**What the task requires**
Note the line containing "Protocol controls what"; from it through the last line below, give only those lines again, exactly, both ends included, skipping pictures.

**Input**
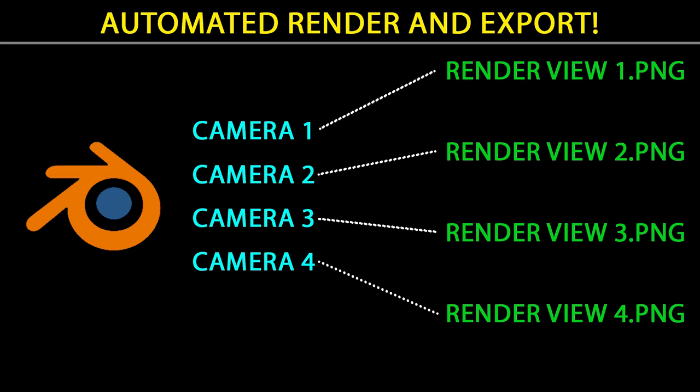In this tutorial, I'm going to show you how to render different camera views to separate image files, all automatically with one click. It's a huge time saver and a great way to show off your work.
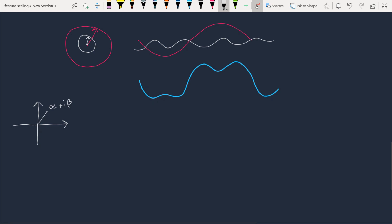Complex numbers are two-dimensional numbers generally represented with a real axis and an imaginary axis. A point is a complex number represented as alpha + i·beta. The length of the line to that point is the modulus of the complex number. Another way of writing this number is in Euler form: r·e^(i·theta), where r is the length and theta is the angle between the real axis and the vector.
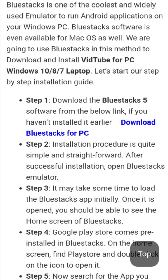Step 2: The installation procedure is quite simple and straightforward. After successful installation, open the Bluestacks emulator.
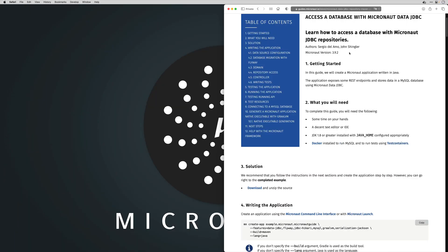Hello, my name is Sergio de Lamar and in this video I'm going to show you how to update an application using OpenRewrite Micronaut 3 to Micronaut 4 recipe.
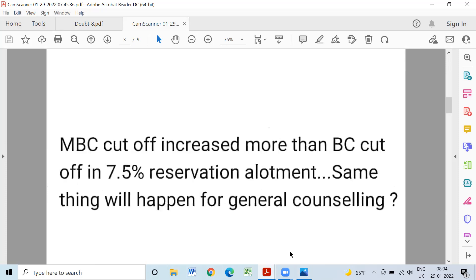The MBC cutoff increased more than BC. The MBC cutoff has 7.5% in the country. The same thing will happen in General Counselling — MBC has 3.5% in the government's school. The MBC cutoff is 3.5% in general counsel.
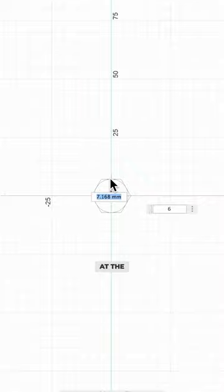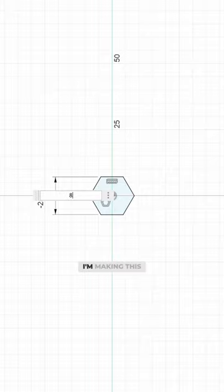Start by drawing a hexagon at the origin. Use the horizontal vertical constraint to make the top horizontal and then dimension the hexagon. I'm making this one 8 millimeters.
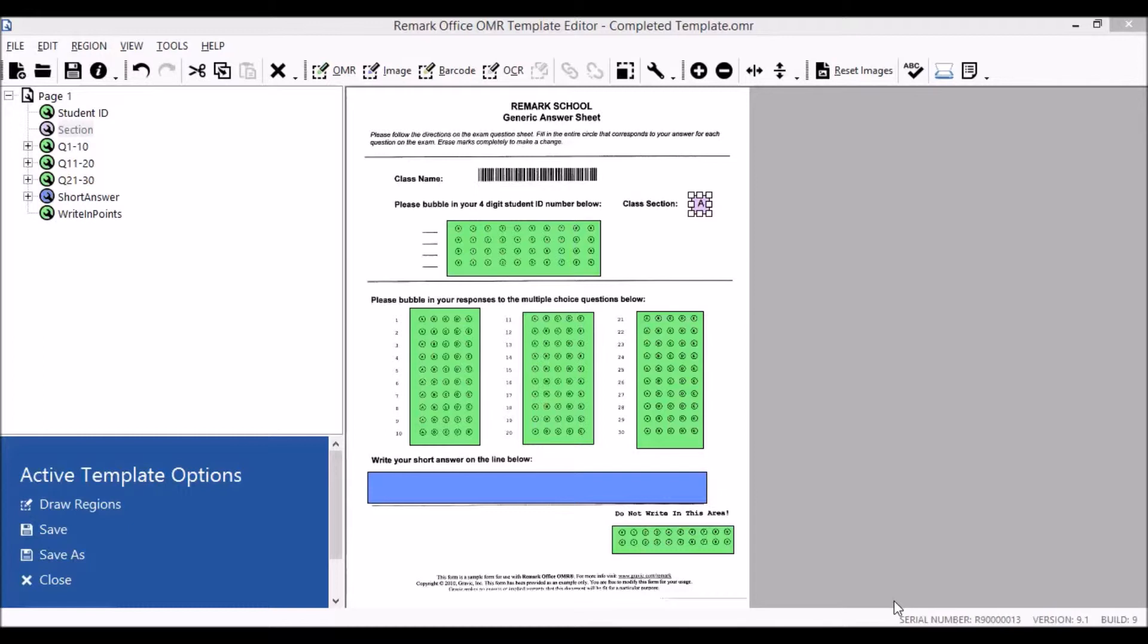The Remark Office OMR Template Editor is used to create templates. The template defines all the information needed for the software to process your form correctly. For our purposes today, we will be working with a generic answer sheet which includes a barcode containing our class name.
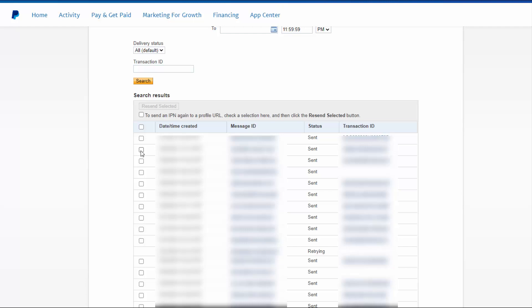There are two types of problems. One is PayPal is not even sending the notification — in that case you will not find anything here. So if your IPN URL is set correctly but there is nothing in the history, you can talk to PayPal and find out why they are not sending it. That's a rare case, but if you don't see anything here even though your URL is set correctly on the IPN page, you will have to contact PayPal support.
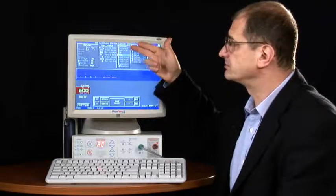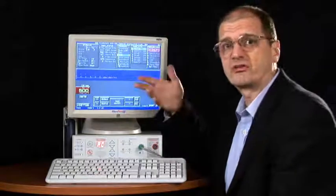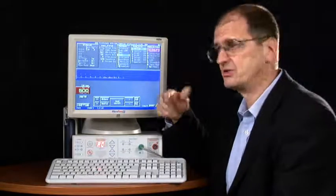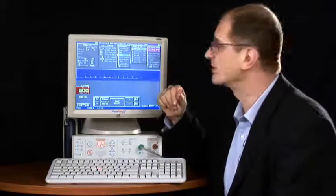Protocol controls what kind of pacing you are going to do, regular or with extra stimuli and so on.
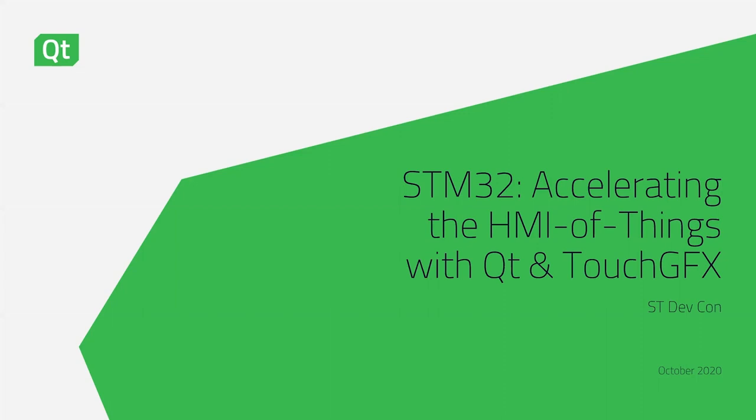Hello everyone and thank you for joining our on-demand webinar today. My name is Harrison Donahue and I am a business development manager for the Qt company. Today we're going to be talking to you about the STM32 accelerating the HMI of things with Qt and Touch GFX. Let's get into it.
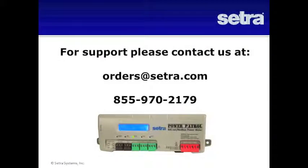If you have any installation questions or need technical support, please contact us at orders at sucher.com or at 855-970-2179.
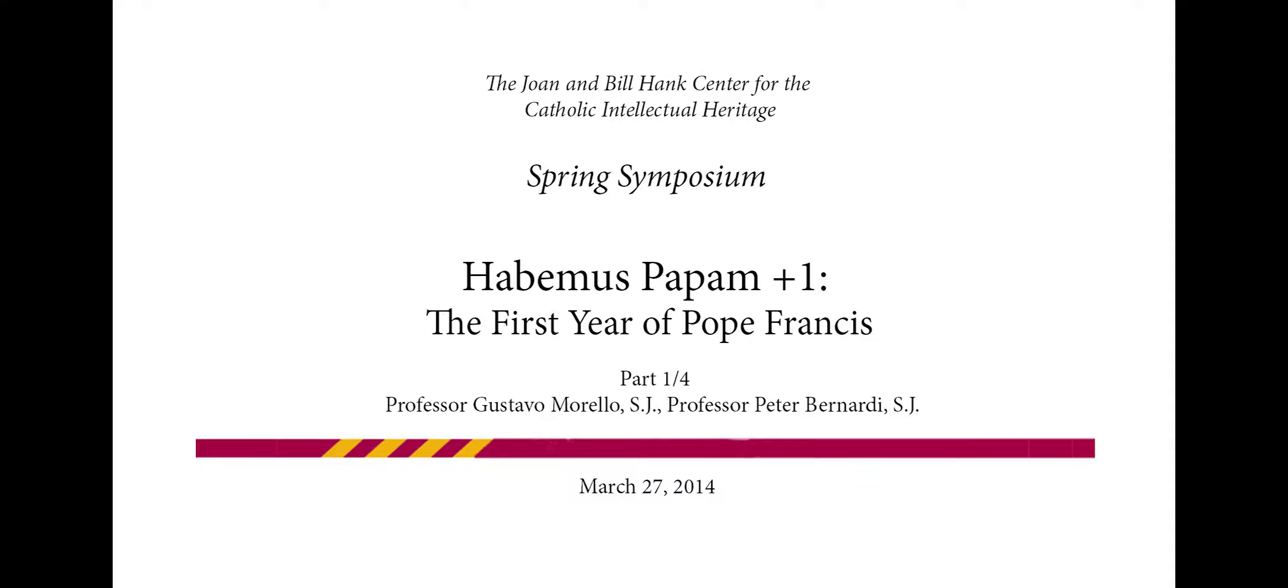Welcome everyone to our symposium on the first year of Pope Francis. My name is Mark Bosco and I am the director of the Joan and Bill Hank Center for the Catholic Intellectual Heritage.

**Result of this task**
Protocol controls what kind of pacing you are going to do, regular or with extra stimuli and so on.
Hello everyone and thank you for joining our on-demand webinar today. My name is Harrison Donahue and I am a business development manager for the Qt company. Today we're going to be talking to you about the STM32 accelerating the HMI of things with Qt and Touch GFX. Let's get into it.
If you have any installation questions or need technical support, please contact us at orders at sucher.com or at 855-970-2179.
Welcome everyone to our symposium on the first year of Pope Francis. My name is Mark Bosco and I am the director of the Joan and Bill Hank Center for the Catholic Intellectual Heritage.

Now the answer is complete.